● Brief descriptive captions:
++++
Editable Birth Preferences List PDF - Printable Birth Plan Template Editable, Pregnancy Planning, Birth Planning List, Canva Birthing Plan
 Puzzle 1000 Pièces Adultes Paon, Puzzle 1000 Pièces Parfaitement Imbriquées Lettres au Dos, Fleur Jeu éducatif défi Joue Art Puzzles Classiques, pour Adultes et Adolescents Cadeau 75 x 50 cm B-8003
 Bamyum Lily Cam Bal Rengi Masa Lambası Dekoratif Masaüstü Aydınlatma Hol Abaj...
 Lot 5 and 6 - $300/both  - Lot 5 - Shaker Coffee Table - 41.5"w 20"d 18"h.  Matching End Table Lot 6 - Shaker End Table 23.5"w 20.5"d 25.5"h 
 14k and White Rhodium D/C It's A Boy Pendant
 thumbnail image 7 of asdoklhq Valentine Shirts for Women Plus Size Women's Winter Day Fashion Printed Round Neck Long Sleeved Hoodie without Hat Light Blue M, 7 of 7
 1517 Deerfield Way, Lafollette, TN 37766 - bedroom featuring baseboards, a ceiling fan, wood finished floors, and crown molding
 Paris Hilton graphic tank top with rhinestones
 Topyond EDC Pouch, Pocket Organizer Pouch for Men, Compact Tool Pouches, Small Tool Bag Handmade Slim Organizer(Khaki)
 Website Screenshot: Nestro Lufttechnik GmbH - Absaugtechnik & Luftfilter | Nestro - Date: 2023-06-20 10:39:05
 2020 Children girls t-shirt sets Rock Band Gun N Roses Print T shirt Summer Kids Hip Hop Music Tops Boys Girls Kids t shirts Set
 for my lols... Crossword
++++
● Exercise: Above are the records; from them, give again exactly the lines from the one containing "14k and White Rhodium D/C It's A Boy Pendant" to the one containing "Paris Hilton graphic", both lines included, and nothing more.

● Problem solution:
 14k and White Rhodium D/C It's A Boy Pendant
 thumbnail image 7 of asdoklhq Valentine Shirts for Women Plus Size Women's Winter Day Fashion Printed Round Neck Long Sleeved Hoodie without Hat Light Blue M, 7 of 7
 1517 Deerfield Way, Lafollette, TN 37766 - bedroom featuring baseboards, a ceiling fan, wood finished floors, and crown molding
 Paris Hilton graphic tank top with rhinestones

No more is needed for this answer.